Not an issue for the Chinese.

The White House did not even stand up for itself when it came to the
question of human rights in China. The president, who had said only a few
days earlier that freedom of expression is a universal right, was coerced
into attending a joint press conference with Chinese President Hu Jintao, at
which questions were forbidden. Former US President George W. Bush had
always managed to avoid such press conferences.

Relatively Unsuccessful

A look back in time reveals the differences. When former President Bill
Clinton went to China in June 1998, Beijing wanted to impress the Americans.
A press conference in the Great Hall of the People, broadcast on television
as a 70-minute live discussion, became a sensation the world over. Clinton
mentioned the 1989 Tiananmen Square massacre, when the government used tanks
against protestors. But then President Jiang Zemin defended the tough
approach taken by the Chinese Communists. At the end of the exchange, the
Chinese president praised the debate and said: "I believe this is
democracy!"

Obama visited a new China, an economic power that is now making its own
demands. America should clean up its government finances, and the weak
dollar is unacceptable, the head of the Chinese banking authority said, just
as Obama's plane was about to land.

Obama's new foreign policy has also been relatively unsuccessful elsewhere,
with even friends like Israel leaving him high and dry.
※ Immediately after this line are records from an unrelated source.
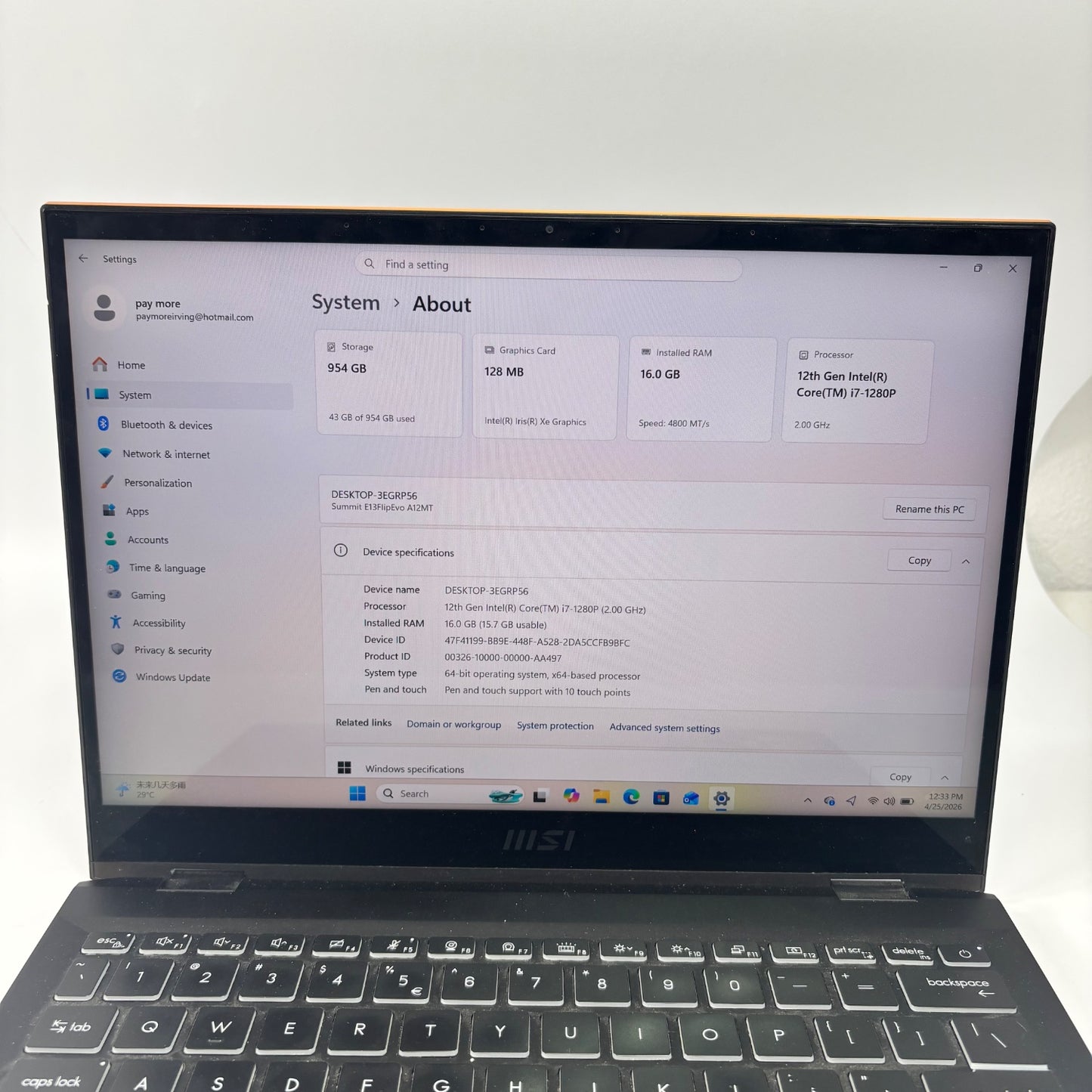 Product Image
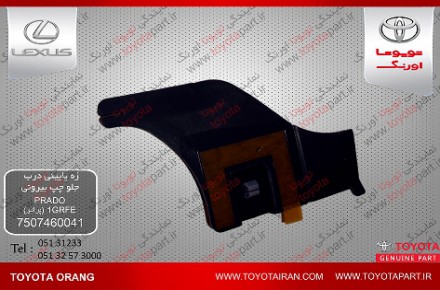 تهيه وتامين    زه پائيني درب جلو            و ديگر قطعات اصلي خودروهاي تويوتا/لکسوس/هيوندا/بنز/کيا/بي ام و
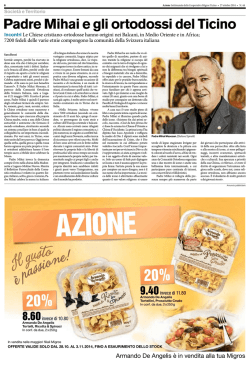 Ilgusto &egrave;passione!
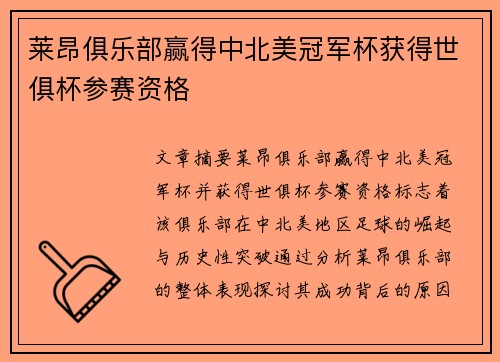 莱昂俱乐部赢得中北美冠军杯获得世俱杯参赛资格 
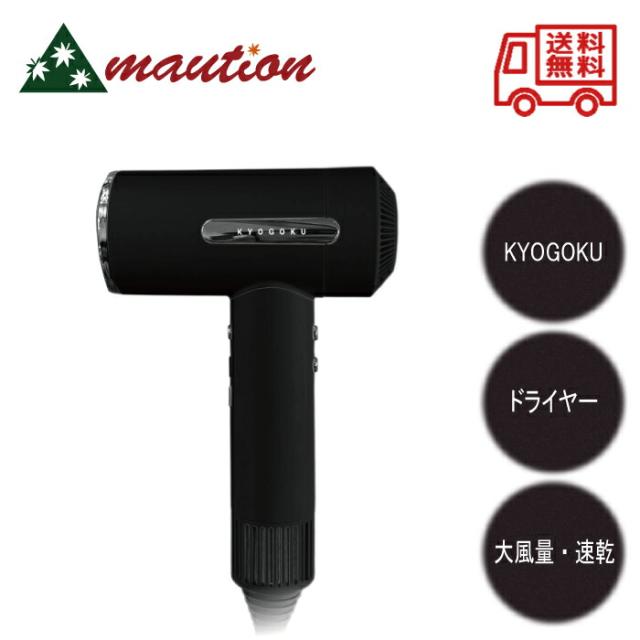 キョウゴク ドライヤー NANOSILK KERATIN AIR SONIC Kyogoku Professional / KYOGOKU ナノシルク ケラチン エア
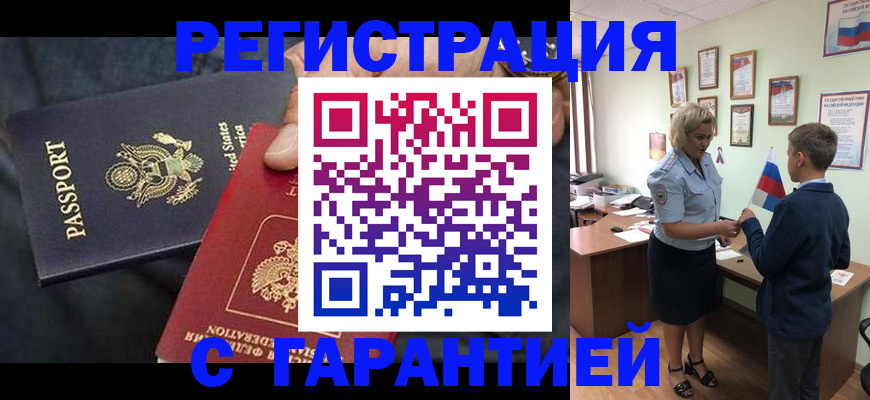 форма 3 в Камбарке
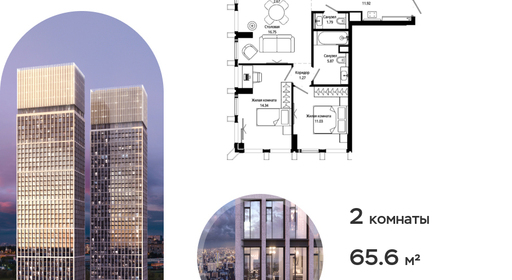 voice_5e8ca7f4-26e0-eb11-be3c-00155dfc99c4.jpg?202511121806&idoffer=5e8ca7f4-26e0-eb11-be3c-00155dfc99c4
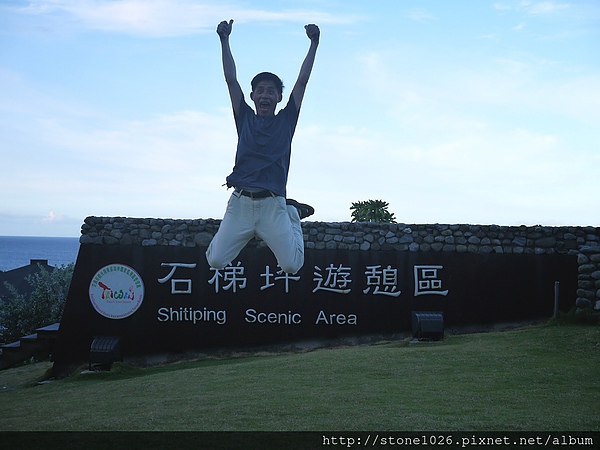 相片 13-9-1 上午1 40 51.jpg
For the government
of Israel Prime Minister Benjamin Netanyahu, peace is only conceivable under
its terms. Netanyahu has rejected Obama's call for a complete moratorium on
the construction of settlements. As a result, Obama has nothing to offer the
Palestinians and the Syrians. "We thought we had some leverage," says Martin
Indyk, a former ambassador to Israel under the Clinton administration and
now an advisor to Obama. "But that proved to be an illusion."

Even the president seems to have lost his faith in a genial foreign policy.
The approach that was being used in Afghanistan this spring, with its strong
emphasis on civilian reconstruction, is already being changed. "We're
searching for an exit strategy," said a staff member with the National
Security Council on the sidelines of the Asia trip.

'A Lot Like Jimmy Carter'

An end to diplomacy is also taking shape in Washington's policy toward
Tehran. It is now up to Iran, Obama said, to convince the world that its
nuclear power is peaceful. While in Asia, Obama mentioned "consequences"
unless it followed his advice. This puts the president, in his tenth month
in office, where Bush began -- with threats. "Time is running out," Obama
said in Korea. It was the same phrase Bush used against former Iraqi
dictator Saddam Hussein, shortly before he sent in the bombers.

There are many indications that the man in charge at the White House will
take a tougher stance in the future. Obama's advisors fear a comparison with
former Democratic President Jimmy Carter, even more than with Bush.
Prominent Republicans have already tried to liken Obama to the humanitarian
from Georgia, who lost in his bid to win a second term, because voters felt
that he was too soft. "Carter tried weakness and the world got tougher and
tougher because the predators, the aggressors, the anti-Americans, the
dictators, when they sense weakness, they all start pushing ahead," Newt
Gingrich, the former Republican speaker in the House of Representatives,
recently said. And then he added: "This does look a lot like Jimmy Carter."